Reform Social Security by Eliminating the Payroll Tax?

Over at U.S. News, Dean Clancy argues that eliminating the payroll tax – and thus paying for social security out of general tax revenues – simplifies the problem of how to fix the program.

Why not supplant the payroll tax altogether, and as soon as possible? The payroll tax is the biggest tax most Americans pay, and regressive. It falls hardest on low-wage workers. Eliminating it would provide meaningful relief to every American wage-earner, with the greatest relief going to those who need the the help the most. Abolishing it would be economically beneficial and politically popular. To avoid increasing the deficit, we could raise or impose other taxes that are less regressive – although, to be honest, I’m not sure we really need to. If anything, America’s less-than-stellar economy could stand a tax cut right now, and what better kind of tax cut than one that reduces burdens on job creation?

I like $800 billion annual tax cuts as much as the next guy, but this just seems crazy to me.

3 comments:

JoeTheEconomist said...

Andrew, It is crazy. There is no tax cut. He simply wants to shift payroll taxes to income taxes. There is no tax-cut. The fact that he is promoting his idea as a tax-cut is telling about the writer.

Andrew G. Biggs said...

He actually argues for, at least temporarily, NOT backfilling with income tax revenues and just having it as a net tax cut. That strikes me as a bit nutty. Very quickly they would have to raise income taxes to fill the gap, which would be a pretty big increase.

WilliamLarsen said...

Increasing taxes is also bad politics, but a bit more politically acceptable, because there’s less pain per person: it’s spread over a larger population. There are about 59 million retirees, but 144 million workers.

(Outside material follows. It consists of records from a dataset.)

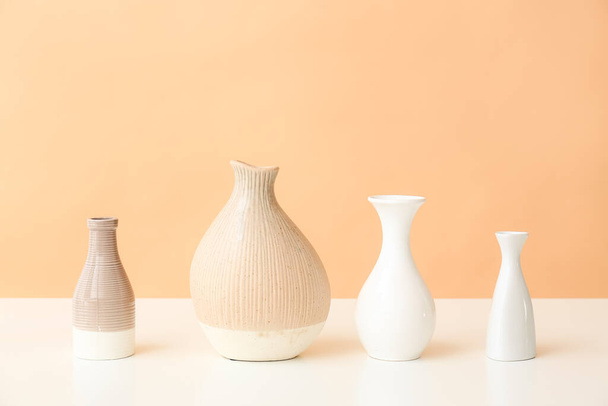 Beautiful vases on table against color background - Фото, зображення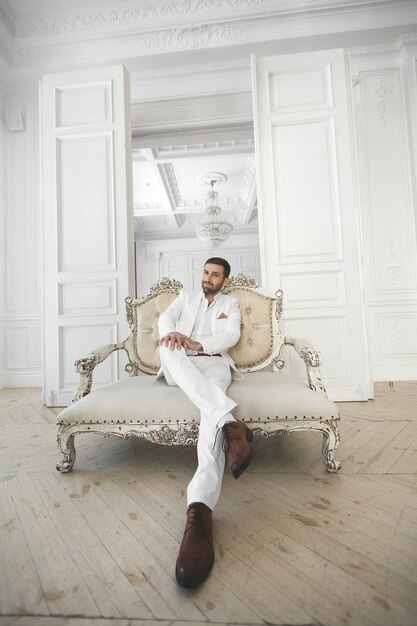 Elegant young handsome man with a beard in a white classic suit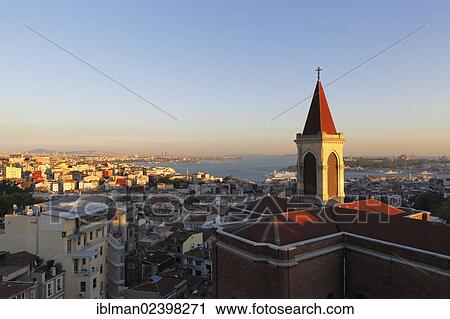 Stock Image - "Basilica of St. Anthony, St. Anthony of Padua Church, Beyoglu distrct and the Bosphorus, Istanbul, Turkey, Europe, Asia". Fotosearch
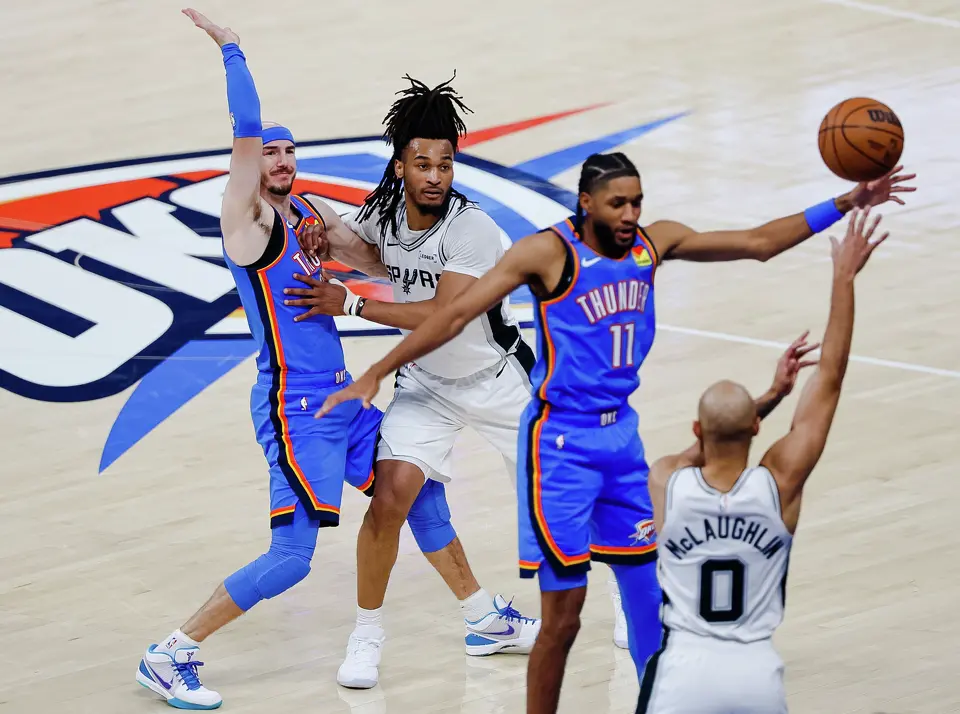 San Antonio Spurs guard Jordan McLaughlin (0) passes the ball while San Antonio Spurs guard Stephon Castle (5) guards Oklahoma City Thunder guard Alex Caruso (9) during the first half of Game 2 of the Western Conference Finals at Paycom Center in Oklahoma City, Wednesday, May 20, 2026.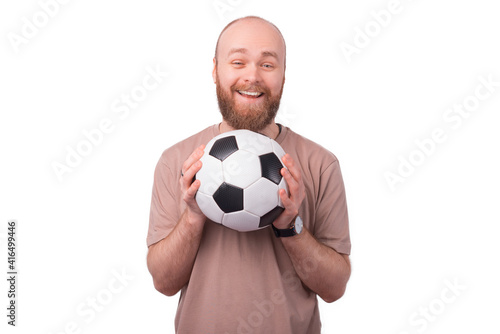 joyful smiling bearded hipster man holding soccer ball and looking at the camera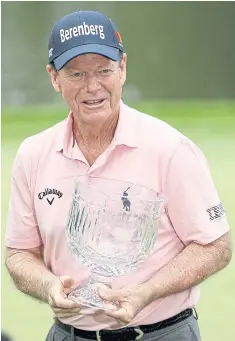  ?? AFP ?? Tom Watson celebrates with the trophy after winning the Par-3 Contest.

Joe the Economist is correct, but more importantly, paying the payroll tax over working life time is for different from paying general income taxes over your life time. Either way if taxes get to high that taxpayers bulk, benefits get cut. But if everyone accepts higher income taxes, then retirees will pay more for their benefits which is in effect a benefit cut while workers pay more their entire life.

This writer cannot even solve a fifth grade math story problem.